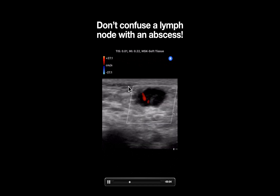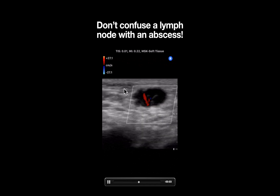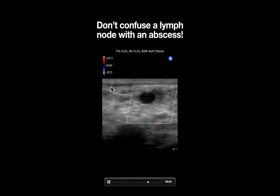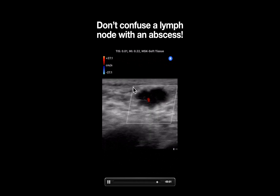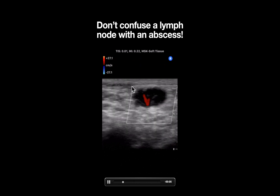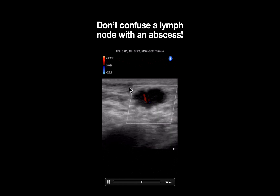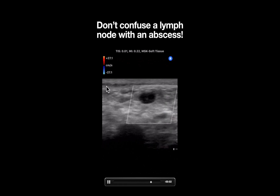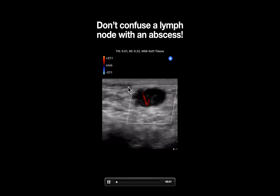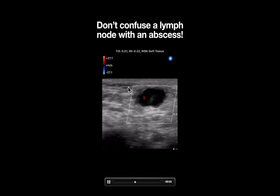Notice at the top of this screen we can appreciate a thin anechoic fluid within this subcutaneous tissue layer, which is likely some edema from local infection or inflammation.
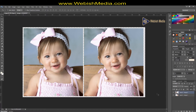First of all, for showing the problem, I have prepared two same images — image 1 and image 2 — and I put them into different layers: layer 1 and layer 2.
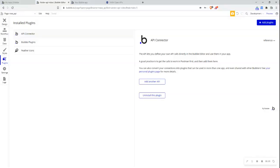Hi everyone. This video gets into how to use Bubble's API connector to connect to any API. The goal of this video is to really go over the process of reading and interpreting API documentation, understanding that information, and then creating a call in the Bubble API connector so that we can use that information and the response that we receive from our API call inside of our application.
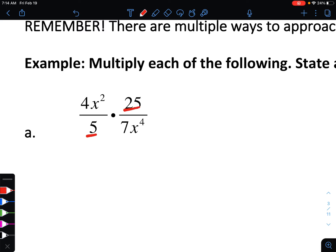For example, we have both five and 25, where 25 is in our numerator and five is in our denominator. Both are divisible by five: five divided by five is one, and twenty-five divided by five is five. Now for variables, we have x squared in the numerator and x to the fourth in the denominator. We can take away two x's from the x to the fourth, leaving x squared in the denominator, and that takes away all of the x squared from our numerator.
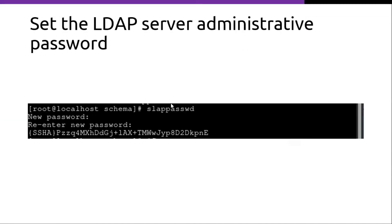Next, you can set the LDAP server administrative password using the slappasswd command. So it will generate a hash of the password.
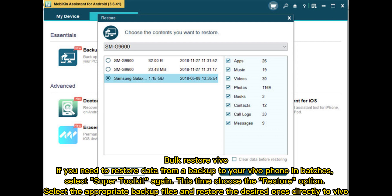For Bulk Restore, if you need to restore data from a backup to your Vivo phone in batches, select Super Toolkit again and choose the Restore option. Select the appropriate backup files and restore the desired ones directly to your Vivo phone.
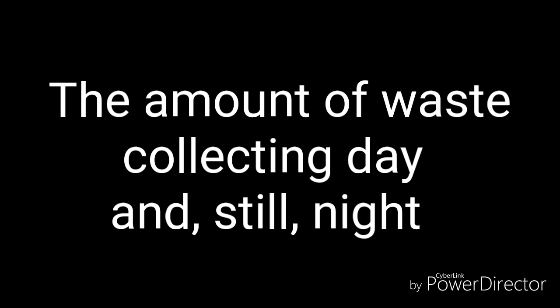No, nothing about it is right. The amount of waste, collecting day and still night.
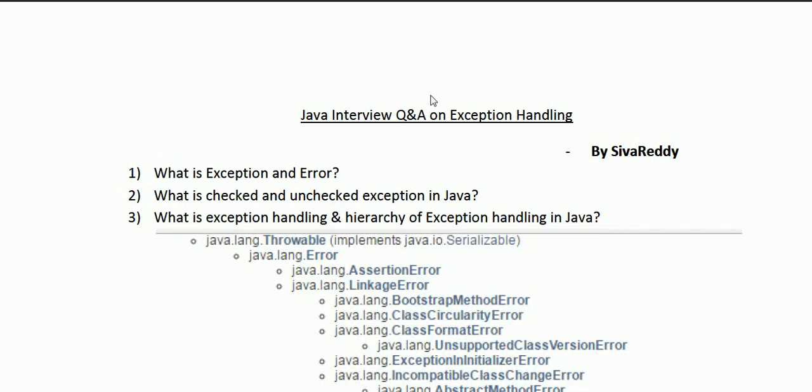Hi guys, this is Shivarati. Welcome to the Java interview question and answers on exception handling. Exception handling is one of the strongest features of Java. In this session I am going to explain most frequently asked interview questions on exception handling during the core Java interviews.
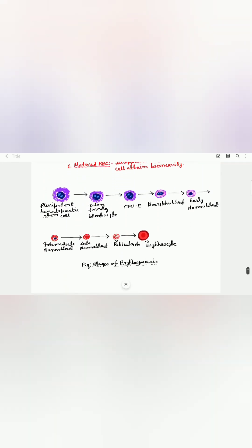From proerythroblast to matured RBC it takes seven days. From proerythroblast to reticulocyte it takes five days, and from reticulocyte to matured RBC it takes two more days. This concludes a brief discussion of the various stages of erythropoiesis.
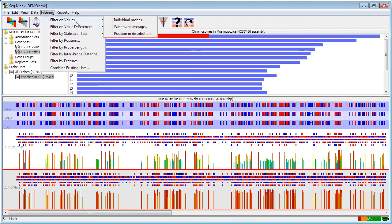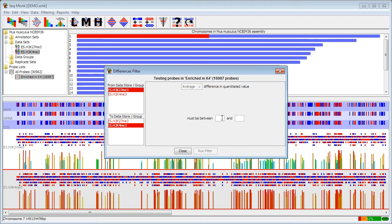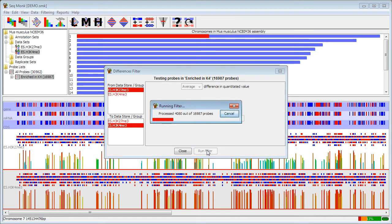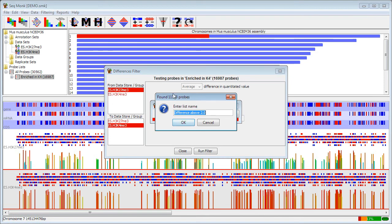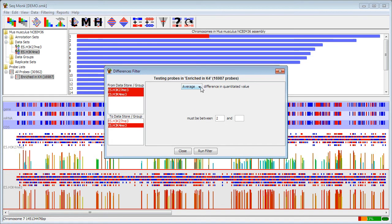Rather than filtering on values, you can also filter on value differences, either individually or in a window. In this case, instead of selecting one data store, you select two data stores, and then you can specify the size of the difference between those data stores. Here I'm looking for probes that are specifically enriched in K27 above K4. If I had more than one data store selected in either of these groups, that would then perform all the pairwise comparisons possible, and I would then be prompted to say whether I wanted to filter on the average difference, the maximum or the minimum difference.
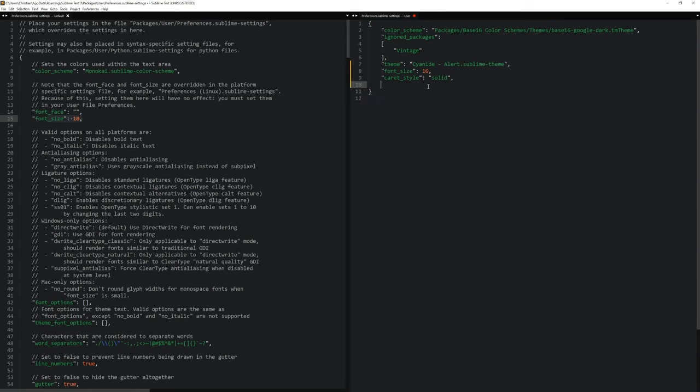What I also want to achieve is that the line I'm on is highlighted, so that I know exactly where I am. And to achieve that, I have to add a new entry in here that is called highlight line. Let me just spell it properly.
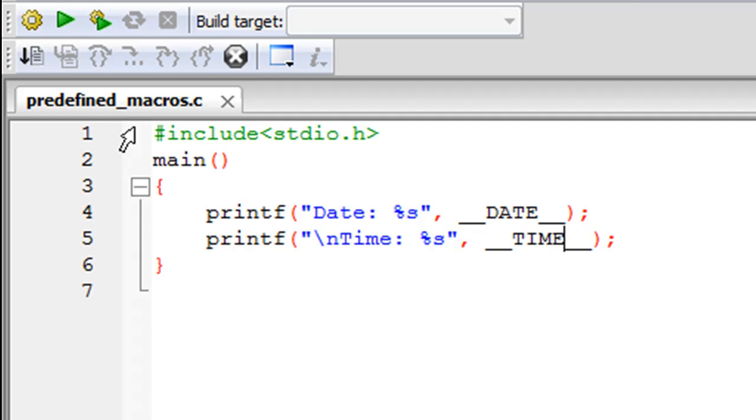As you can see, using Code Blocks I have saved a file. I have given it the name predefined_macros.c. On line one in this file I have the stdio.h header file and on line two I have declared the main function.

◆ ◆ ◆ ◆ ◆

> How to complete this task
Your task is to transcribe all of the records precisely, with no images included.

> Task answer
Notice at the top of this screen we can appreciate a thin anechoic fluid within this subcutaneous tissue layer, which is likely some edema from local infection or inflammation.
First of all, for showing the problem, I have prepared two same images — image 1 and image 2 — and I put them into different layers: layer 1 and layer 2.
Hi everyone. This video gets into how to use Bubble's API connector to connect to any API. The goal of this video is to really go over the process of reading and interpreting API documentation, understanding that information, and then creating a call in the Bubble API connector so that we can use that information and the response that we receive from our API call inside of our application.
For example, we have both five and 25, where 25 is in our numerator and five is in our denominator. Both are divisible by five: five divided by five is one, and twenty-five divided by five is five. Now for variables, we have x squared in the numerator and x to the fourth in the denominator. We can take away two x's from the x to the fourth, leaving x squared in the denominator, and that takes away all of the x squared from our numerator.
Next, you can set the LDAP server administrative password using the slappasswd command. So it will generate a hash of the password.
For Bulk Restore, if you need to restore data from a backup to your Vivo phone in batches, select Super Toolkit again and choose the Restore option. Select the appropriate backup files and restore the desired ones directly to your Vivo phone.
No, nothing about it is right. The amount of waste, collecting day and still night.
Hi guys, this is Shivarati. Welcome to the Java interview question and answers on exception handling. Exception handling is one of the strongest features of Java. In this session I am going to explain most frequently asked interview questions on exception handling during the core Java interviews.
From proerythroblast to matured RBC it takes seven days. From proerythroblast to reticulocyte it takes five days, and from reticulocyte to matured RBC it takes two more days. This concludes a brief discussion of the various stages of erythropoiesis.
Rather than filtering on values, you can also filter on value differences, either individually or in a window. In this case, instead of selecting one data store, you select two data stores, and then you can specify the size of the difference between those data stores. Here I'm looking for probes that are specifically enriched in K27 above K4. If I had more than one data store selected in either of these groups, that would then perform all the pairwise comparisons possible, and I would then be prompted to say whether I wanted to filter on the average difference, the maximum or the minimum difference.
What I also want to achieve is that the line I'm on is highlighted, so that I know exactly where I am. And to achieve that, I have to add a new entry in here that is called highlight line. Let me just spell it properly.
As you can see, using Code Blocks I have saved a file. I have given it the name predefined_macros.c. On line one in this file I have the stdio.h header file and on line two I have declared the main function.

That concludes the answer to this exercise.